“Unemployed men queued outside a depression soup kitchen opened in Chicago by Al Capone,” February 1931. Wikimedia.
As the Depression spread, public blame settled on President Herbert Hoover and the conservative politics of the Republican Party. But Hoover was as much victim as perpetrator, a man who had the misfortune of becoming a visible symbol for large invisible forces. In 1928 Hoover had no reason to believe that his presidency would be any different than that of his predecessor, Calvin Coolidge, whose time in office was marked by relative government inaction, seemingly rampant prosperity, and high approval ratings.
Coolidge had decided not to seek a second term in 1928. A man of few words, “Silent Cal” publicized this decision by handing a scrap of paper to a reporter that simply read: “I do not choose to run for president in 1928.” The race therefore became a contest between the Democratic governor of New York, Al Smith, whose Catholic faith and immigrant background aroused nativist suspicions and whose connections to Tammany Hall and anti-Prohibition politics offended reformers, and the Republican candidate, Herbert Hoover, whose All-American, Midwestern, Protestant background and managerial prowess during the First World War endeared him to American voters.
Hoover epitomized the “self-made man.” Orphaned at age 9, he was raised by a strict Quaker uncle on the West Coast. He graduated from Stanford University in 1895 and worked as an engineer for several multinational mining companies. He became a household name during World War I when he oversaw voluntary rationing as the head of the U.S. Food Administration and, after the armistice, served as the Director General of the American Relief Association in Europe. Hoover’s reputation for humanitarian service and problem-solving translated into popular support, even as the public soured on Wilson’s Progressive activism. Hoover was one of the few politicians whose career benefitted from wartime public service. After the war both the Democratic and Republican parties tried to draft him to run for president in 1920.
Hoover declined to run in 1920 and 1924. He served instead as Secretary of Commerce under both Harding and Coolidge, taking an active role in all aspects of government. In 1928, he seemed the natural successor to Coolidge. Politically, aside from the issue of Prohibition (he was a “dry,” Smith a “wet”), Hoover’s platform differed very little from Smith’s, leaving little to discuss during the campaign except personality and religion.
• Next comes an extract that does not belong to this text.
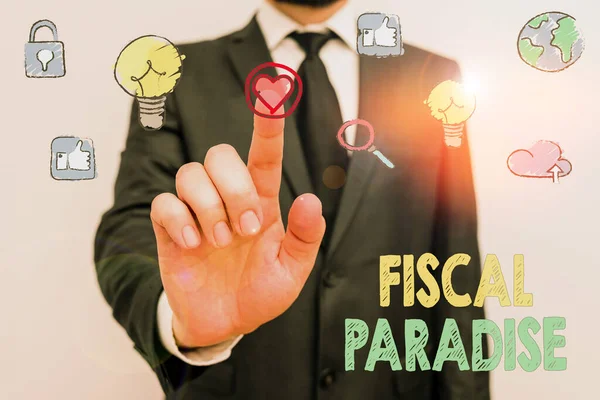 Una nota scritta che mostra il Paradiso Fiscale. Business photo showcase Imposta sullo sviluppo Aliquote di tassazione per gli investitori stranieri . — Foto Stock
Both benefitted Hoover. Smith’s background engendered opposition from otherwise solid Democratic states, especially in the South, where his Catholic, ethnic, urban, and anti-Prohibition background were anathema. His popularity among urban ethnic voters counted for little. Several southern states, in part owing to the work of itinerant evangelical politicking, voted Republican for the first time since Reconstruction. Hoover won in a landslide, taking nearly 60% of the popular vote.
Although Hoover is sometimes categorized as a “business president” in line with his Republican predecessors, he also embraced an inherent business progressivism, a system of voluntary action called “Associationalism” that assumed Americans could maintain a web of voluntary cooperative organizations dedicated to providing economic assistance and services to those in need. Businesses, the thinking went, would willingly limit harmful practice for the greater economic good. To Hoover, direct government aid would discourage a healthy work ethic while Associationalism would encourage the very self-control and self-initiative that fueled economic growth. But when the Depression exposed the incapacity of such strategies to produce an economic recovery, Hoover proved insufficiently flexible to recognize the limits of his ideology. And when the ideology failed, so too did his presidency.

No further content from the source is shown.